Cambukan itu berhasil membangunkan Jong Leng lojin. Tokoh itu serentak berbangkit.
"Tar".... Iblis-penakluk-dunia mencambuk punggung Jong Leng lojin seraya membentak.
"Lekas tangkap budak itu, mati atau hidup!"
Di luar dugaan, Jong Leng lojin tak mau menyahuti dan melakukan perintah. Bahkan tiba-tiba ia menyambar cambuk Iblis-penakluk-dunia dan balas membentaknya.
"Siapa engkau ini!"
Kali ini Iblis-penakluk-dunia seperti disambar petir kejutnya.
Ia lemparkan cambuk terus lolos ke luar kubu.
Dengan masih dalam pikiran tak sadar, Jong leng lojin menghantam.
Iblis-penakluk-dunia lari kemati-matian tetapi tetap tak dapat terhindar dari hantaman Jong Leng.
Tubuhnya yang melambung di udara itu tiba-tiba menukik turun dan jatuh di samping Siau-liong! "Iblis tua, apakah engkau masih mimpi mau lari?"
Bentak Siau-liong seraya menutuk dada dan tenggorokan iblis itu.
Saat itu Dewi Neraka pun sudah terluka pukulan Siau-liong tadi.
Tahu gelagat jelek, ia hendak lari.
Tetapi ia ingat akan Poh Ceng-in.
Pada saat Dewi Neraka meragu, tiba-tiba terdengar suara berisik mendatangi....
Siau-liong kira tentulah anak buah Iblispenakluk- dunia yang hendak menyerbu untuk menolong pemimpinnya.
Tetapi ternyata yang muncul itu adalah Ceng Hi totiang dan rombongan orang gagah.
Dewi Neraka yang sudah menderita luka itu makin bingung.
Begitu memandang keadaan ditempat situ, tahulah Ceng Hi apa yang telah terjadi.
Cepat ia kebutkan lengan jubah untuk menutuk jalan darah Dewi Neraka.
"Hai, apakah kalian ini kawanan roh orang mati?"
Teriak Iblis-penakluk-dunia yang walau pun sudah tertutuk jalan darahnya namun masih dapat bicara.
Saat itu kawanan Baju Hitam baru tersandar.
Dengan bersuit keras, mereka segera maju mengepung.
Tetapi Jong Leng lojin yang menjaga disamping Iblis-penakluk dunia, segera menghantam kian kemari mencegah mereka.

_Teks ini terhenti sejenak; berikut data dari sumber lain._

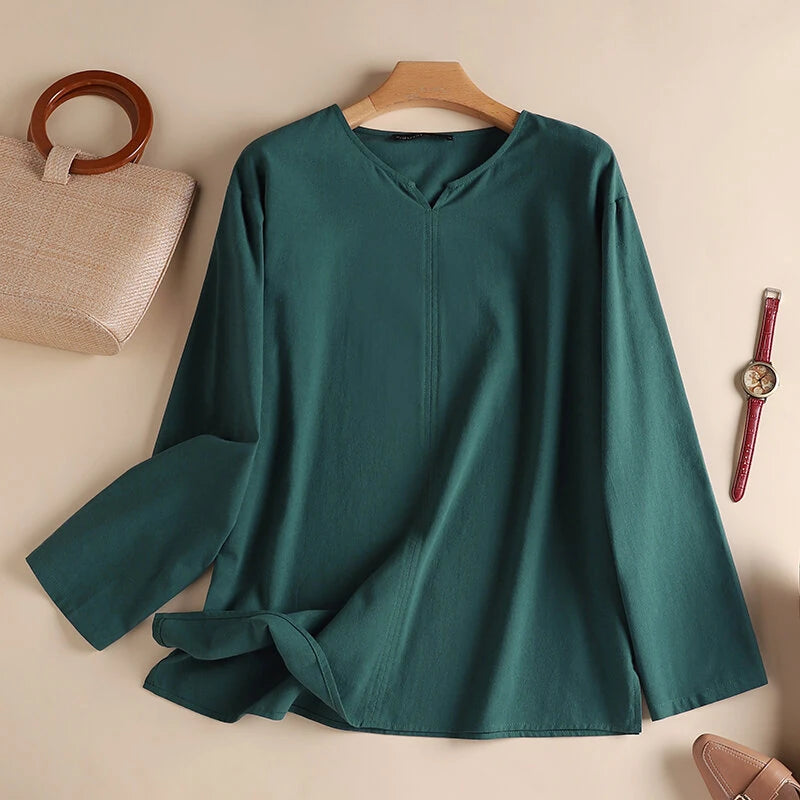 ZANZEA Vintage Women Cotton Blouse V Neck Long Sleeve Tops Retro Solid Loose Shirt Female Work Tunic Blusas Mujer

Rombongan orang gagah yang dipimpin Ceng Hi totiang itu segera menyerang sehingga terjadilah pertempuran dahsyat.
Sedangkan Siau-liong ter-longong2 sendiri.
Ia benar-benar terpukau karena melihat keadaan saat itu.
Ia merasa seperti telah menghidupkan kembali orang yang sudah mati.
Tiba-tiba Poh Ceng-in melengking.
"Suheng, tunggulah aku ber-sama2 lari!"
Saat itu barulah Siau-liong seperti diingatkan pada Soh Beng Ki-su.
Dengan menggerung, ia enjot tubuh melambung ke udara dan melayang turun di belakang kubu.
Ternyata Soh Beng Ki-su yang bertubuh kurus kering itu sedang siap hendak melarikan diri dari kubu.
Siau-liong cepat membentak dan mencengkeram dadanya.
Soh Beng Ki-su terkejut.
Ia tebarkan jaringnya hendak melancarkan pukulan Pek-kut-kang.
Tetapi sudah terlambat.
Dadanya sudah dicengkeram Siau-liong.
Seketika itu ia rasakan dadanya seperti pecah.
Siau Hong sudah menutuk tiga buah jalan darah orang itu.
Kemudian ia terus hendak melangkah ke dalam kubu.
Tetapi saat itu To Kiu-kong, Ti Gong taysu dan kawan2nya bermunculan datang.
Siau-liong cepat lemparkan Soh Beng Ki-su kepada To Kiu-kong.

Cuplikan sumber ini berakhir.